Let's say I give you a number: 2985984, which is equal to $x^y$, where both $x$ and $y$ are integers. How would you find $x$ and $y$ (hint: the answer is 12^6)?
Now, let's say I'll say that $x$ is 12. then you can write:
$12^y = 2985984$.
$log(12^y) = log(2985984)$
$y\times log(12) = log(2985984)$
$y = \frac{log(2985984)}{log(12)}$
$y=6$
A more general form would be:
$y = \frac{log(2985984)}{log(x)}$
How would I find which integer values of $x$ and $y$ would solve this equation?

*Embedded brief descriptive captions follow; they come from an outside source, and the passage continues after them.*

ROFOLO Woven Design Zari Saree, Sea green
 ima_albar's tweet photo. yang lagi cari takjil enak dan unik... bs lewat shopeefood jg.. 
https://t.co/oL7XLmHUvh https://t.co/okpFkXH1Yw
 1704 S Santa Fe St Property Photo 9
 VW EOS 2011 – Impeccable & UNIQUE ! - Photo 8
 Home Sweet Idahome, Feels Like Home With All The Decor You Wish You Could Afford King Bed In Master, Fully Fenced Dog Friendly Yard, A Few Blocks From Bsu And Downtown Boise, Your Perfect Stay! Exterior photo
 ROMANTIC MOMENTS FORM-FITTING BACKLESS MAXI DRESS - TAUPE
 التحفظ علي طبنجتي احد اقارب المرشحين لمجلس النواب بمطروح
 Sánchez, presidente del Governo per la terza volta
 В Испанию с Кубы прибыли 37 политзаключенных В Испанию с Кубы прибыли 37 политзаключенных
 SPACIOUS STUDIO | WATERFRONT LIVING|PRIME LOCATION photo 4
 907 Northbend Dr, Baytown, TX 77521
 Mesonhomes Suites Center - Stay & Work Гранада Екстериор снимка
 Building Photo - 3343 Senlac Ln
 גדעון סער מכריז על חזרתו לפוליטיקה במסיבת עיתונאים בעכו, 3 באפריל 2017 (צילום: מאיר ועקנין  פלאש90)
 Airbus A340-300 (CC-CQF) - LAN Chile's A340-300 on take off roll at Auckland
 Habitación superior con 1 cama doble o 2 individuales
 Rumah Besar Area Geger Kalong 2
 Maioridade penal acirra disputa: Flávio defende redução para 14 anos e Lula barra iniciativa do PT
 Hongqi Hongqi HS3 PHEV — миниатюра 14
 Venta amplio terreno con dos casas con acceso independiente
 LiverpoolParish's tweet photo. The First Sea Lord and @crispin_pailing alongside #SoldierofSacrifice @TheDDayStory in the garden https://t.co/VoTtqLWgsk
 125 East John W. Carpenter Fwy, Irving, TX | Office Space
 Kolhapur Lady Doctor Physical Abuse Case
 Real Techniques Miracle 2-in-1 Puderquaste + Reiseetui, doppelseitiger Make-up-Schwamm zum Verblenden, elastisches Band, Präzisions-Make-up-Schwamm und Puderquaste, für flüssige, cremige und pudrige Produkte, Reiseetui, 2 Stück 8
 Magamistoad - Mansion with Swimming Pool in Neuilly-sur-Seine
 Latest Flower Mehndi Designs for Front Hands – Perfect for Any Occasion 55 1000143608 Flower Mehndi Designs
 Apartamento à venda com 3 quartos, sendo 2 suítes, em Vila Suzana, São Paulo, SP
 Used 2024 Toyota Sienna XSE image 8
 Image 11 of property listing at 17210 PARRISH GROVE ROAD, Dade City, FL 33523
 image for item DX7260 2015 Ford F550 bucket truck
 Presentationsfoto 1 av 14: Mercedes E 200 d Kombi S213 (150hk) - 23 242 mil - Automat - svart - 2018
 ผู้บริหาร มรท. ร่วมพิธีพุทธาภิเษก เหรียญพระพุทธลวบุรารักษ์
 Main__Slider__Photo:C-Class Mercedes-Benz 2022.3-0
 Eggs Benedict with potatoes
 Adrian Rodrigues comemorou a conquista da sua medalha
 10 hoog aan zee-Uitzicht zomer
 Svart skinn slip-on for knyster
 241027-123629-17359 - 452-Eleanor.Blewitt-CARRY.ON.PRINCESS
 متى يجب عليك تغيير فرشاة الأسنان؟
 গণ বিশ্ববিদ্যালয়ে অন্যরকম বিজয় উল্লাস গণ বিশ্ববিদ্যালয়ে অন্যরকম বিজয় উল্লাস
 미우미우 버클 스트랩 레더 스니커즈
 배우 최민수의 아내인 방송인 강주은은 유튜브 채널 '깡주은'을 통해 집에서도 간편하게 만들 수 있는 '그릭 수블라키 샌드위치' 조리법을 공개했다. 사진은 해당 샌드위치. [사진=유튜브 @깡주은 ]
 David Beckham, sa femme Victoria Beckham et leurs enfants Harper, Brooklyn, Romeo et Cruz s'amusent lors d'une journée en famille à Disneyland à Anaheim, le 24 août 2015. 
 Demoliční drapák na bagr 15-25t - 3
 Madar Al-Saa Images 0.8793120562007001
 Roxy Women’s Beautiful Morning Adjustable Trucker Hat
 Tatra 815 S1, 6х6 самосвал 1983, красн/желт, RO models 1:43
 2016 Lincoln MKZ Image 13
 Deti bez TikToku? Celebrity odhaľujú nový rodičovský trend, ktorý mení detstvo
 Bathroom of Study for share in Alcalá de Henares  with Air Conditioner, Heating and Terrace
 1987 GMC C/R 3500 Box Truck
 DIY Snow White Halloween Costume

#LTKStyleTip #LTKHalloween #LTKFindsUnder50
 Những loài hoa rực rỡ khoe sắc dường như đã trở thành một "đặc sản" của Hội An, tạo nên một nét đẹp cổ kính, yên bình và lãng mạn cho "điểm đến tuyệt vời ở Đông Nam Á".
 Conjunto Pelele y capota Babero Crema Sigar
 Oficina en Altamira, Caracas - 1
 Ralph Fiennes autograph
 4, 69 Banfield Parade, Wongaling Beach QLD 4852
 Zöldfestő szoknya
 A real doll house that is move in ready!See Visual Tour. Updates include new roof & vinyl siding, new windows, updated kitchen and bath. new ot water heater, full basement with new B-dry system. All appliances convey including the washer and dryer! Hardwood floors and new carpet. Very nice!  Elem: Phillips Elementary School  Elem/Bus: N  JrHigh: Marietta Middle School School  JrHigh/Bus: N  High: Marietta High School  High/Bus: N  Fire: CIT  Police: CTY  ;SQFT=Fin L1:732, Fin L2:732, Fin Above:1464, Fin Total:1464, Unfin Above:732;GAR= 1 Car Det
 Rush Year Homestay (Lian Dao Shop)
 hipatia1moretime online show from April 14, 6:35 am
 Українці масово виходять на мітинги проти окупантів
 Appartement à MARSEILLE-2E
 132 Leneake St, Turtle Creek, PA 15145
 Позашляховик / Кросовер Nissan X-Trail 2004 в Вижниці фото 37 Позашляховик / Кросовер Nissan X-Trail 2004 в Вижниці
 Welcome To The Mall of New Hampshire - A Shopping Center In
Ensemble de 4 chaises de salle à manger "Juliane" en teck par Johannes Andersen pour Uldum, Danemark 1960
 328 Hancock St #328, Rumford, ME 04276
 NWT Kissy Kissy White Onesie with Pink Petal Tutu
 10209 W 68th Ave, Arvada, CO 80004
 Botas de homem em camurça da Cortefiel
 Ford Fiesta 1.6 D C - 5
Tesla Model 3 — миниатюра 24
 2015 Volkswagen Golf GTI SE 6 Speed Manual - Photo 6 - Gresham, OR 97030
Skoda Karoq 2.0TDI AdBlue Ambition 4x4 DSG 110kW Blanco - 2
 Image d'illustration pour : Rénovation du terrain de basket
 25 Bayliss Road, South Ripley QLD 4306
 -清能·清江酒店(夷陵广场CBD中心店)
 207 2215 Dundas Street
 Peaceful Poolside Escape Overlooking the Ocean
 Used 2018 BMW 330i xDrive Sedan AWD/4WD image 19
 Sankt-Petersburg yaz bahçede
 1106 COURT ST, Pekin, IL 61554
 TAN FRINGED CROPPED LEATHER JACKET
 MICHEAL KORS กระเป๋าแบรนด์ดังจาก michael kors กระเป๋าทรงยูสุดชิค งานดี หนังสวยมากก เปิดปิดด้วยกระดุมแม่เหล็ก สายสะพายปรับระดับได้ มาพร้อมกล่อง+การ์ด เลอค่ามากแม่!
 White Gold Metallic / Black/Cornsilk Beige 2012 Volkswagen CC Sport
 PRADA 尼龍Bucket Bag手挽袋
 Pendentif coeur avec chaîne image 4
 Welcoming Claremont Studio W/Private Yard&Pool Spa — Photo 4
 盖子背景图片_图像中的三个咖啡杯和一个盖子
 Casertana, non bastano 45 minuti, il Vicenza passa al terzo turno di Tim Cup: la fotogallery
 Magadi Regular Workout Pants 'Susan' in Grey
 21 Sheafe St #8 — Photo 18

The first step would be to factor $z = 2985984 = 2^{12}3^6.$ In particular, note that $$z = \left(2^2 \cdot 3 \right)^6 = \left(2^4 3^2\right)^3 = \left(2^63^3\right)^2 = \left(2^{12}3^6\right)^1.$$ In general, for $z = p_1^{e_1}p_2^{e_2}p_3^{e_3} \cdots$ for primes $p_i$ and positive integers $e_i$, all $y \mid \gcd (e_1,e_2,e_3,\dots)$ will work. From here, we can find $x = \sqrt [y] z,$ and if $y$ is even $x = - \sqrt [y] z$ also works.